'''
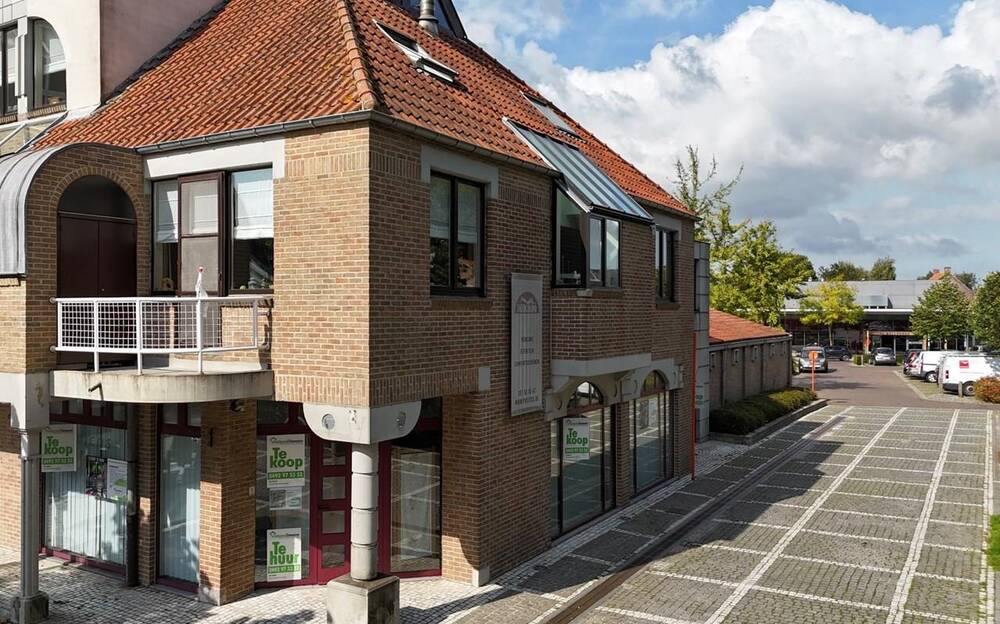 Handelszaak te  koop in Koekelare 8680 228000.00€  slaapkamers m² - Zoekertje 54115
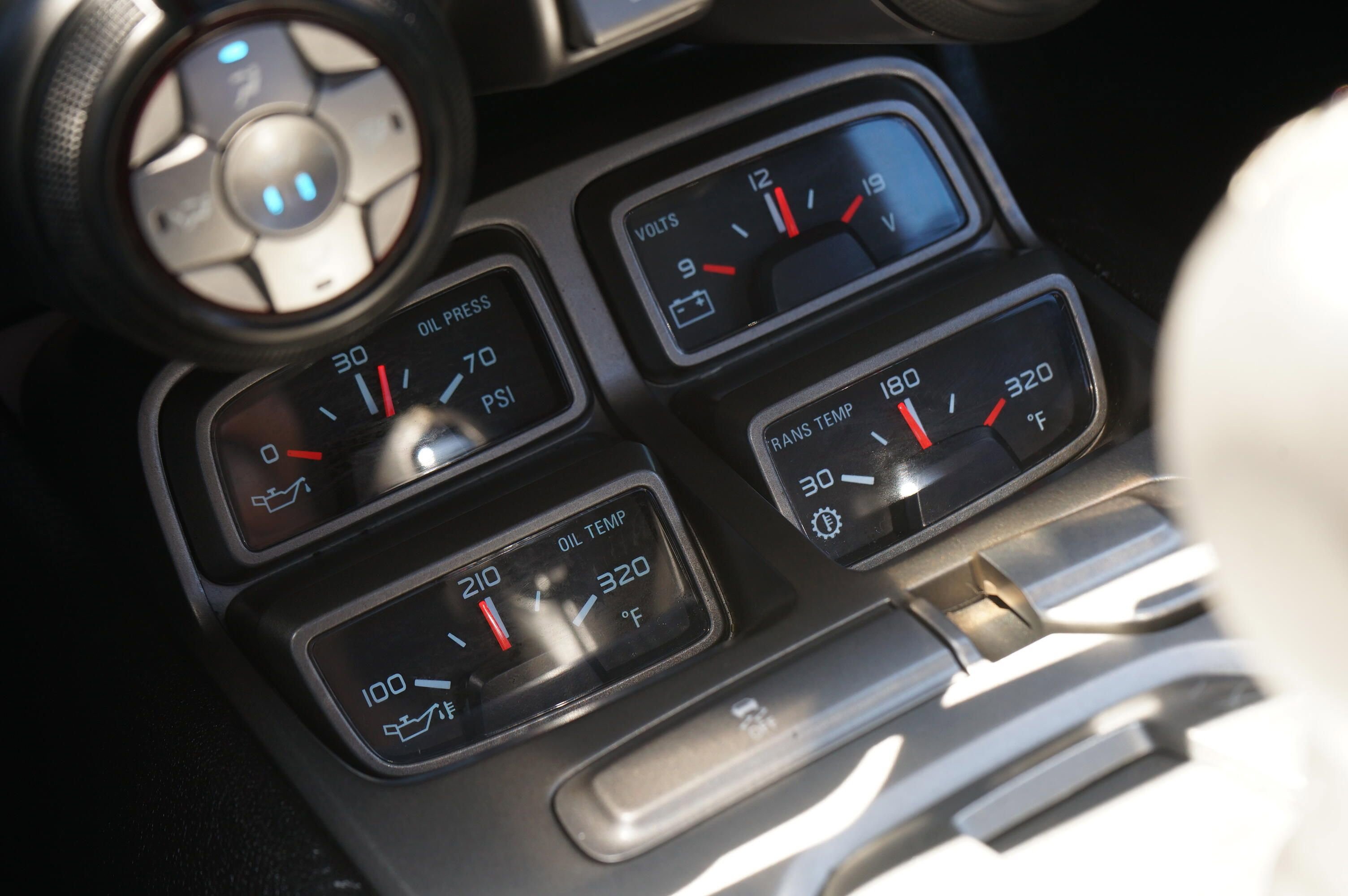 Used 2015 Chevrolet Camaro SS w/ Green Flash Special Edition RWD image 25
'''
'''
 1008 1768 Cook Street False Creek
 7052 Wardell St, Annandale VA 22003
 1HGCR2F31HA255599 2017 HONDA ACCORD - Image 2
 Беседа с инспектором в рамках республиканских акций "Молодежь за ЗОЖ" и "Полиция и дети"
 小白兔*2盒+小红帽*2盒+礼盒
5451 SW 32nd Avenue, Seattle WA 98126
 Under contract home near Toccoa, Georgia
'''
_TASK TO CARRY OUT_
Up in the listing, locate the line with "- Zoekertje 54115"; print it and every line after it down to the line with "Used 2015 Chevrolet", which is included too. Skip the pictures.

_ANSWER TO THIS TASK_
 Handelszaak te  koop in Koekelare 8680 228000.00€  slaapkamers m² - Zoekertje 54115
 Used 2015 Chevrolet Camaro SS w/ Green Flash Special Edition RWD image 25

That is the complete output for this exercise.